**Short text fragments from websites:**
● ● ● ●

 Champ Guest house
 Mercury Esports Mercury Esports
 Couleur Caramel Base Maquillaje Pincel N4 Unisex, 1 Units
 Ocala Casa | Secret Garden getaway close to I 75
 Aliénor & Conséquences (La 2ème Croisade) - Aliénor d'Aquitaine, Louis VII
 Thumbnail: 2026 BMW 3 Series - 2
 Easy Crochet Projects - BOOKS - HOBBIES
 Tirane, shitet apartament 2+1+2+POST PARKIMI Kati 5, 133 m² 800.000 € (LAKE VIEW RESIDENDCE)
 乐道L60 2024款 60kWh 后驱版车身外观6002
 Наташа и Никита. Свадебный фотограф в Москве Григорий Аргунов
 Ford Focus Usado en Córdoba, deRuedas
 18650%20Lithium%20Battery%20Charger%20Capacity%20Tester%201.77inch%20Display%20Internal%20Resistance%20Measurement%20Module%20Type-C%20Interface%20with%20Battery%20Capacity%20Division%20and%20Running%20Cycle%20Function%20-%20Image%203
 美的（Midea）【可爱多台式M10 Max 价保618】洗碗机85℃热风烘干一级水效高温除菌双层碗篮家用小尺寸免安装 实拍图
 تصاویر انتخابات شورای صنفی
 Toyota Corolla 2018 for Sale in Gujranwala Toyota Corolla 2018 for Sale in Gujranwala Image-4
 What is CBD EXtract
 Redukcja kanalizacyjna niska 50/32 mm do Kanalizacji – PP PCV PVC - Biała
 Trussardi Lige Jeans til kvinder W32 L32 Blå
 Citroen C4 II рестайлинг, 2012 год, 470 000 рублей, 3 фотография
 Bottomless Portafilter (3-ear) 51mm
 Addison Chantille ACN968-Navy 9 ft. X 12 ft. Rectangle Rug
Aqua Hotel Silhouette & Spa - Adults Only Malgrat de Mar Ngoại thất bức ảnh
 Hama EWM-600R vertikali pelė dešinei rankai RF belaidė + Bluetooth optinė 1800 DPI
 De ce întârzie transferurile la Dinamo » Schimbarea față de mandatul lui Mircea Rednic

● ● ● ●

**TASK INSTRUCTIONS:**
Once you find the line with "Citroen C4 II" above, print it and every line after it up to and including the line with "Hama EWM-600R vertikali", exactly as written and nothing else.

**ANSWER BOX:**
 Citroen C4 II рестайлинг, 2012 год, 470 000 рублей, 3 фотография
 Bottomless Portafilter (3-ear) 51mm
 Addison Chantille ACN968-Navy 9 ft. X 12 ft. Rectangle Rug
Aqua Hotel Silhouette & Spa - Adults Only Malgrat de Mar Ngoại thất bức ảnh
 Hama EWM-600R vertikali pelė dešinei rankai RF belaidė + Bluetooth optinė 1800 DPI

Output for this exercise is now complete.